En 2000, l’Union européenne voulait, à travers la « stratégie de Lisbonne », devenir « l’économie de la connaissance la plus compétitive et la plus dynamique ». A ce moment le nombre de publications scientifiques plaçait l’Allemagne au quatrième rang, la France au cinquième rang, l’Italie et l’Espagne respectivement au septième et dixième rangs. En quinze ans tous ont régressé et seuls trois pays ont véritablement progressé pendant cette période, trois pays asiatiques : légèrement la Corée, fortement l’Inde (qui dépasse la France) et de manière impressionnante la Chine qui désormais talonne les États-Unis. L’image résumée par la Reine rouge d’Alice au pays des merveilles est connue dans le monde de la publication (comme de l’innovation). Tout le monde court de plus en plus vite, pour simplement conserver sa place, en produisant de plus en plus de connaissances scientifiques.
Dans les années 80 la Chine pesait seulement 1% des publications scientifiques. En effet, avant Mao la Chine avait été vidée de ses scientifiques et envahie par des puissances étrangères et l’époque Mao avec sa Révolution culturelle avait ruiné tout espoir d’un développement de l’enseignement supérieur. Depuis la Chine s’est mise en ordre de marche : des dépenses en R&D supérieures à n’importe quel autre pays, des échanges internationaux et dans tous les secteurs : génétique, astrophysique, médecine, biologie, science de l’ingénieur, management, etc. Si désormais la Chine est deuxième mondiale juste après les États-Unis, il faut souligner qu’un grand nombre de publications sont certes sous « nationalités » américaines mais bien souvent réalisées par des chercheurs d’origine chinoise (ou même indienne).
L’important n’est finalement pas la question du nombre de publications, de citations (où les chinois sont moins représentés) que les conséquences de ces travaux et investissements. La Chine, après les années Mao a été considérée comme l’usine du monde. Les produits imaginés par les européens et les américains ont été produit par les chinois – le coût de la main d’œuvre aidant -. Les innovations de l’empire du milieu se sont alors « contentés » d’être incrémentales, de légères améliorations étaient réalisées sur les produits d’inspiration occidentale qu’ils produisaient dans leurs usines. Autrement dit ces dernières décennies la Chine a toujours été dépendante de l’innovation des autres. En investissant de manière massive dans la recherche scientifique, en recherche et développement, c’est bien aux innovations radicales que l’empire céleste veut s’attaquer. A titre d’exemple entre 2007 et 2015 la Chine est passée n°1 mondial (devant les États-Unis) en termes d’investissement en R&D. Dès lors, il ne fait aucun doute que les grandes innovations de ruptures des prochaines décennies viendront de Chine.

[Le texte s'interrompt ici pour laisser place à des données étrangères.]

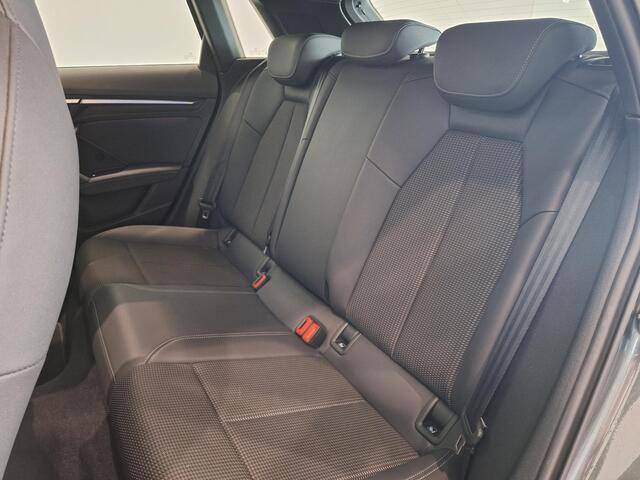 Audi A3 SPORTBACK 40 TFSI e S-Line | Keyless | Matrix LED | Panoramadak | Stoelverwarming | Lichtmetalen velgen 18" | Parkeersensoren voor, achter en achteruitrijcamera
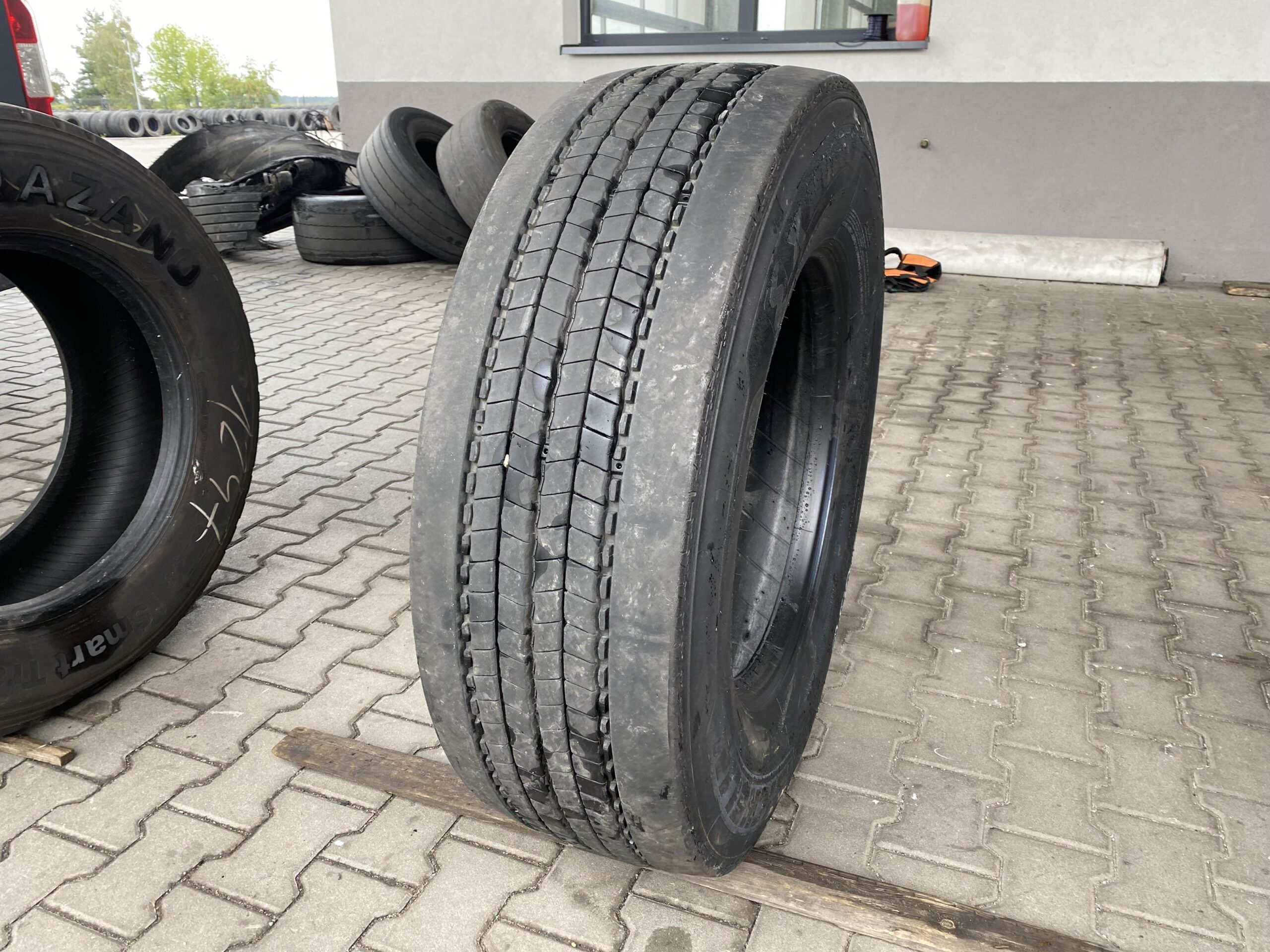 Opony ciężarowe 245/70R17.5 GOODYEAR KMAX T / 7-8mm Opona ciężarowa 315/70R22.5 MICHELIN X MULTI Z / 8-10mm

Ces fortes positions prises par l’Empire du milieu vont redistribuer les cartes géographiques de l’innovation et certainement de l’économie mondiale à moyens termes. La Chine semble vouloir devenir à la fois la tête pensante et les petites mains car en se focalisant sur des produits innovants à fortes valeur ajoutées il y a fort à parier qu’elle va en parallèle demeurer le pays usine du monde. A moins que d’autres forces montent en puissance comme l’Afrique qui peut devenir demain ce que la Chine fut hier. Encore faut-il déterminer qui en Afrique sous quel régime politique, avec quels investissements ? Et dans ce contexte quelle sera l’ambition des États-Unis qui semblent les seuls à pouvoir véritablement lutter à armes égales avec le mastodonte asiatique ? Mais en tout état de cause, la volonté de voir émerger une Europe avec « l’économie de la connaissance la plus compétitive et la plus dynamique » semble compromise. Si les investissements en recherches restent solides ils sont épars, sans vision clair et surtout trop « nationaux ». Seule une politique européenne ambitieuse pourrait rivaliser avec les deux géants américains et chinois, l’heure n’est plus à une politique nationale mais à mettre sur pied un plan Marshal de la R&D !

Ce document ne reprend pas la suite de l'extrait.